The assessee is engaged in the business of manufacture and sale of polished diamonds. The assessee entered into an international transaction with a Belgian Entity by name Blue Gems BVBA. The Assessing Officer (AO) was of the view that the said entity would qualify to be Associated Enterprises (AEs) on the ground that the assessee and Blue Gems BVBA were controlled by the same family and the assessee made substantial purchases from Blue Gems BVBA. Considering them to be AEs, an Arm’s Length Price (ALP) adjustment was made. The CIT(A) deleted the ALP adjustment but did not adjudicate on the primary question of whether the two entities can be termed as AEs at all.
Hon’ble Tribunal found the approach of the Ld. CIT(A) to be incorrect holding that the first thing that needs to be adjudicated upon is whether or not the two entities can be considered to be AEs. In the facts of the present case, the AO had invoked clause (j) of Section 92A(2) wherein two enterprises are given to be associated enterprises if one enterprise is controlled by an individual, the other enterprise is also controlled by such individual or his relative or jointly by such individual and relative of such individual.

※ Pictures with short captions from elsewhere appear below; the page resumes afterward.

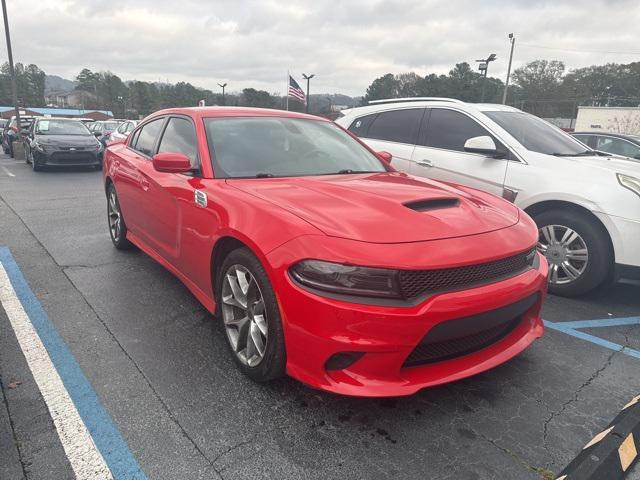 used 2022 Dodge Charger car, priced at $23,474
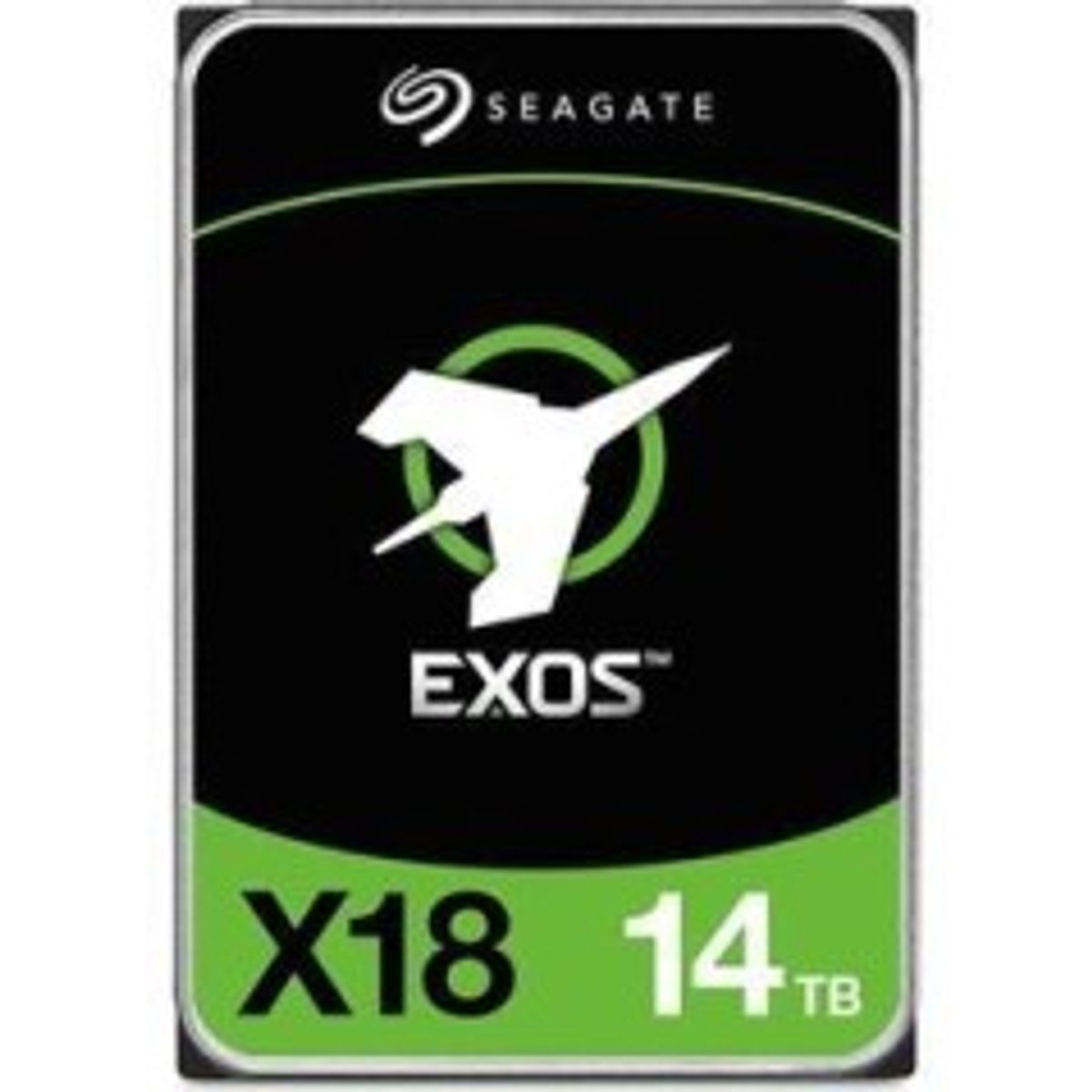 Seagate Exos X18 Harddisk ST14000NM000J 14TB SATA-600 7200rpm FACTORY REFURBISHED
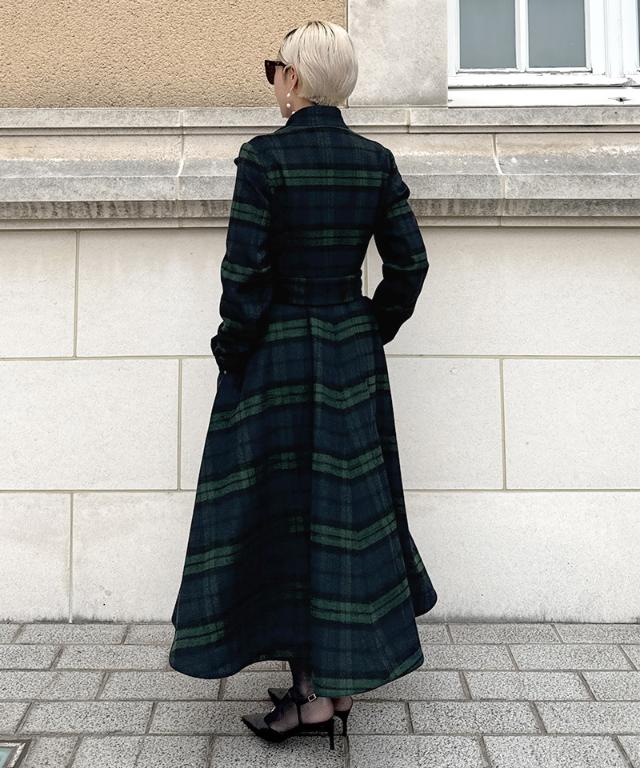 フレンチシックウールコート_sty25aw-co23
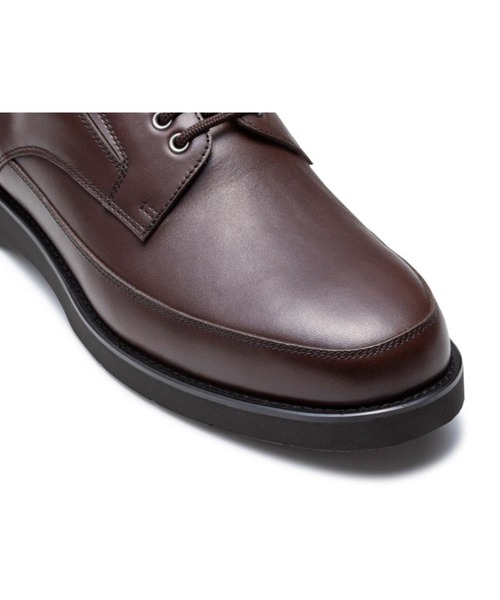 REGAL（リーガル） ビジネスシューズ リーガルメンズ 81JL Uモカ GORE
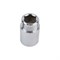Никелированный удлинитель STI D270-05022 - фото 14785386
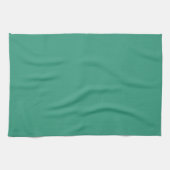 Linge De Cuisine Tablier de cuisine vert (Horizontal)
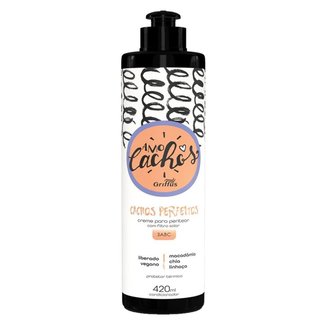 Creme para Pentear Cachos Perfeitos Amo Cachos Griffus 420ml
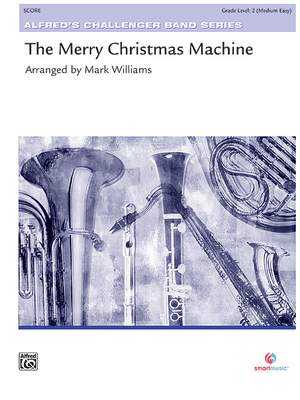 Mark Williams: The Merry Christmas Machine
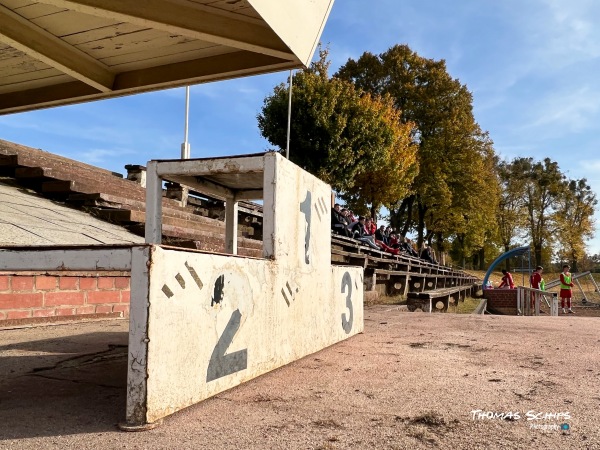 Stadion der Freundschaft - Templin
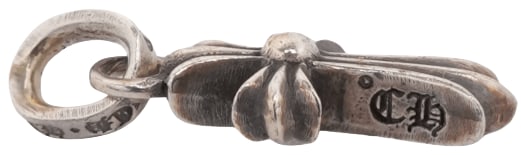 Chrome Hearts 'Baby Fat' Cross Pendant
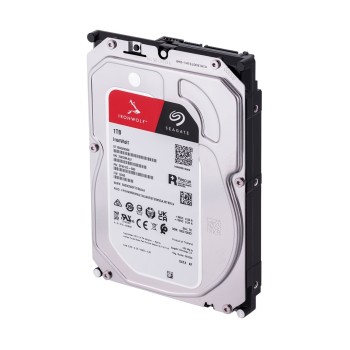 Dysk twardy HDD Seagate IronWolf 1TB 3,5" SATA ST1000VN008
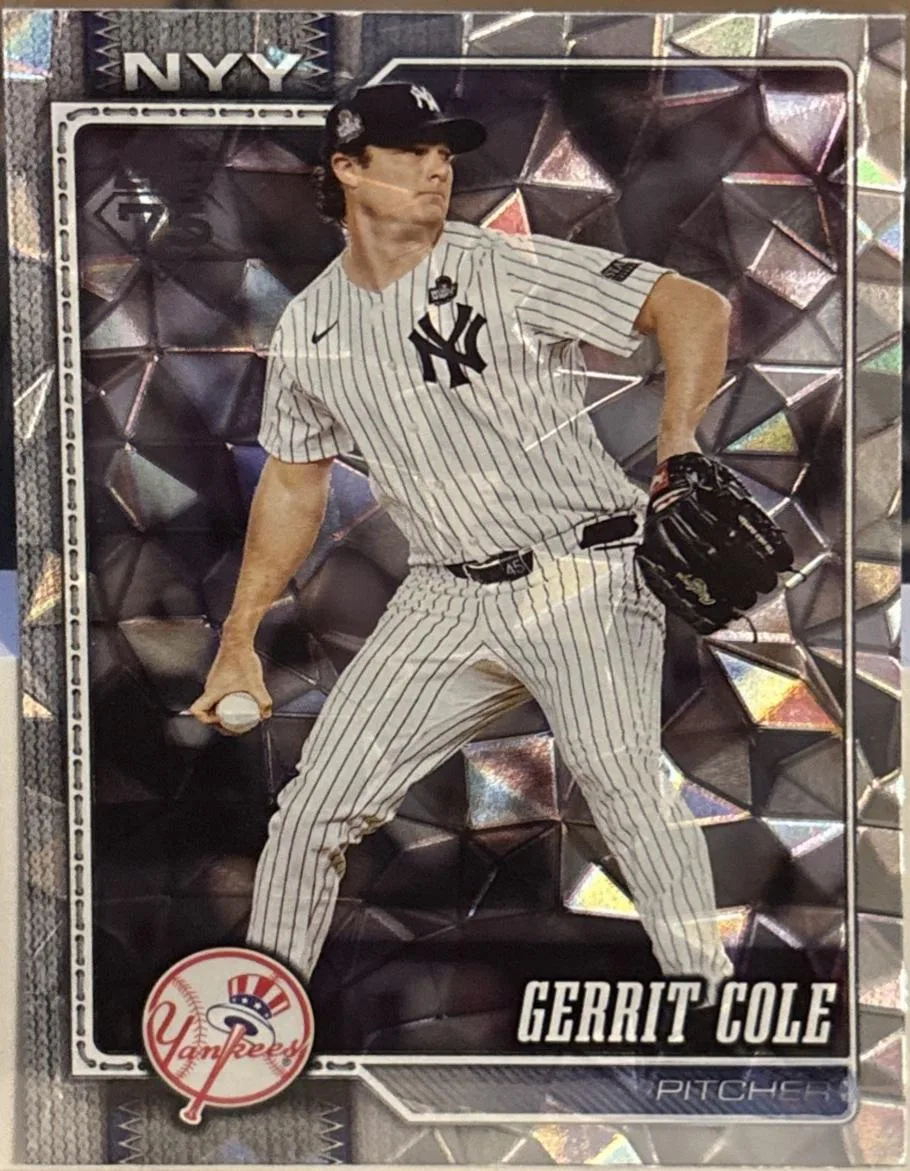 Gerrit Cole #450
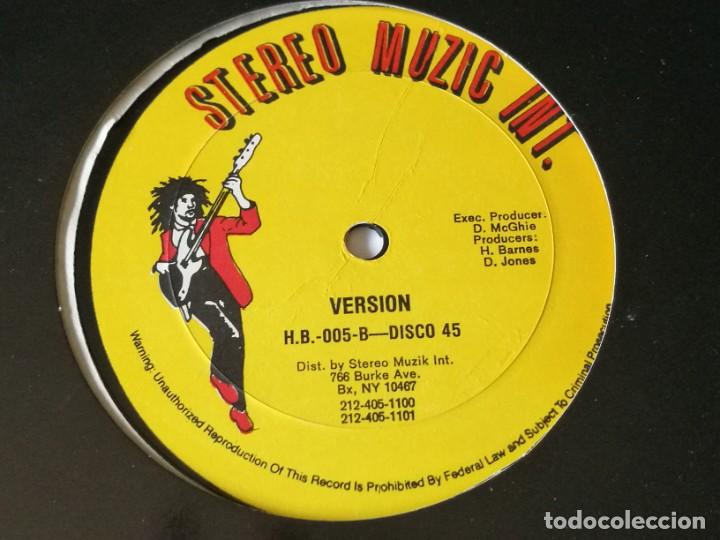 Discos de vinilo: Malibu - Let Me Be - Dancehall - Foto 2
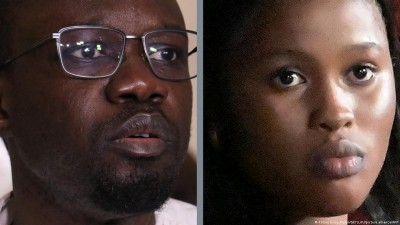 Sénégal : Ousmane Sonko absent à son procès pour « viols présumés»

The ITAT opined that the assesse (Veer Gems) being a partnership concern could not be controlled by ‘an individual’. Referring to the Memorandum explaining the provisions of the Finance Bill, 20002 the Tribunal held that Section 92A(2) provides exhaustive illustrations for the purposes of sub-section (1). The Hon’ble Tribunal observed that sub-section (1) and sub-section (2) have to be read together and that if a form of participation in management and control is not recognized by sub-section (2), even if it results in defacto or dejure participation in management, capital or control, it would not result in the two enterprises being treated as associated enterprises.